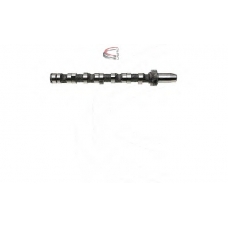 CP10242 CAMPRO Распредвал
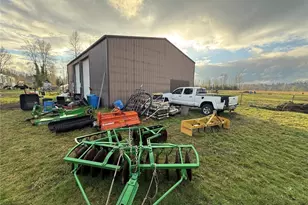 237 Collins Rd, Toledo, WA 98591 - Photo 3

_ _ _ _

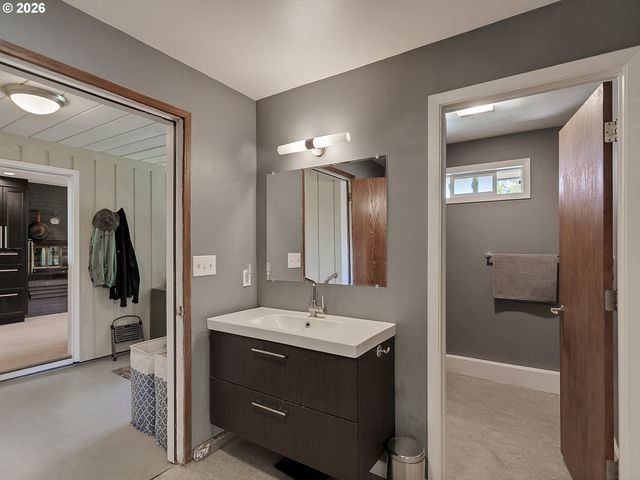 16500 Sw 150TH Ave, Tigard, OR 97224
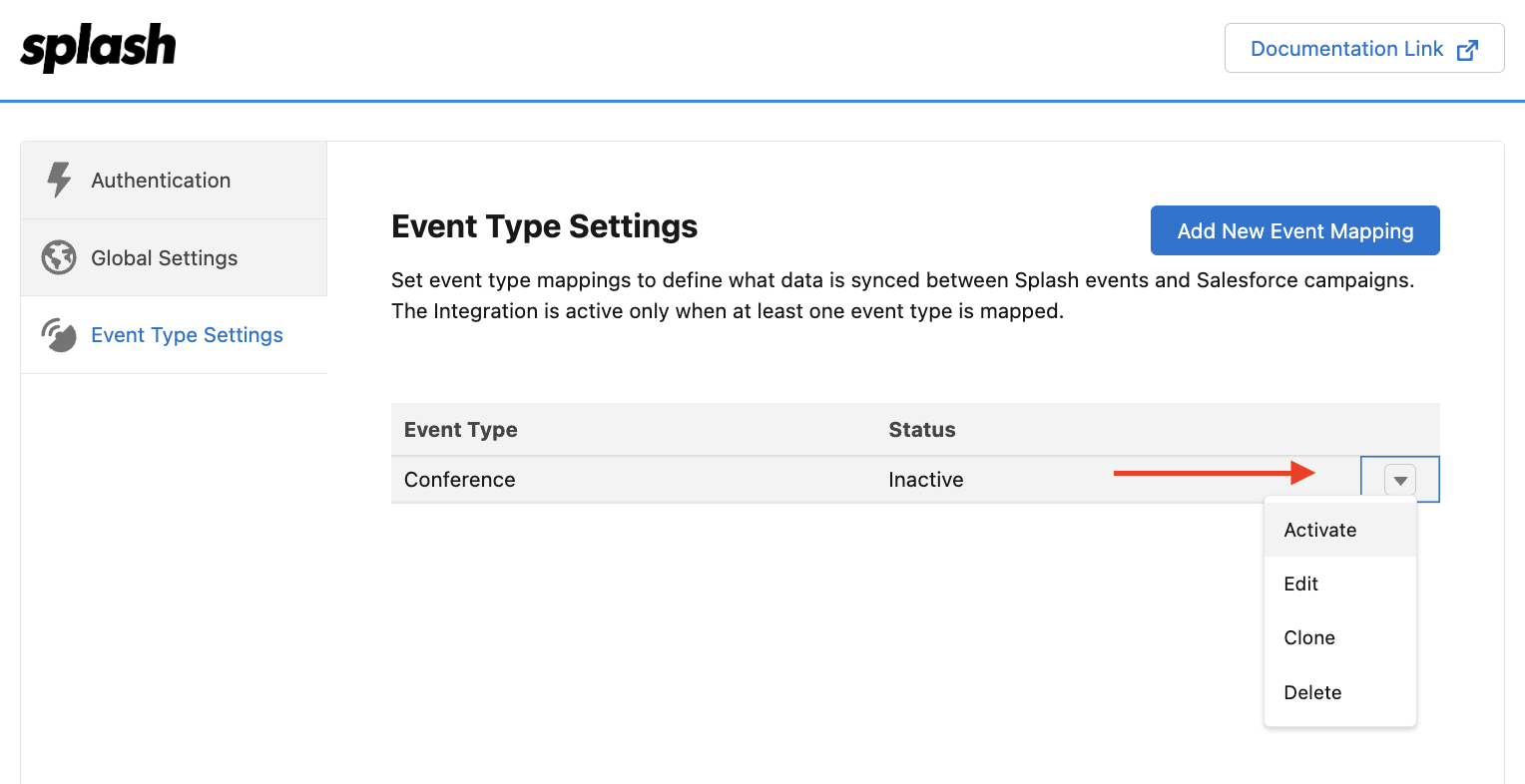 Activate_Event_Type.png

_ _ _ _

Task to complete
Because only one stretch of the records is wanted, please output the lines from the one holding "CP10242 CAMPRO Распредвал" through the one holding "237 Collins Rd, Toledo, WA 98591 - Photo 3" exactly, both included, and leave every picture out.

Written solution
 CP10242 CAMPRO Распредвал
 237 Collins Rd, Toledo, WA 98591 - Photo 3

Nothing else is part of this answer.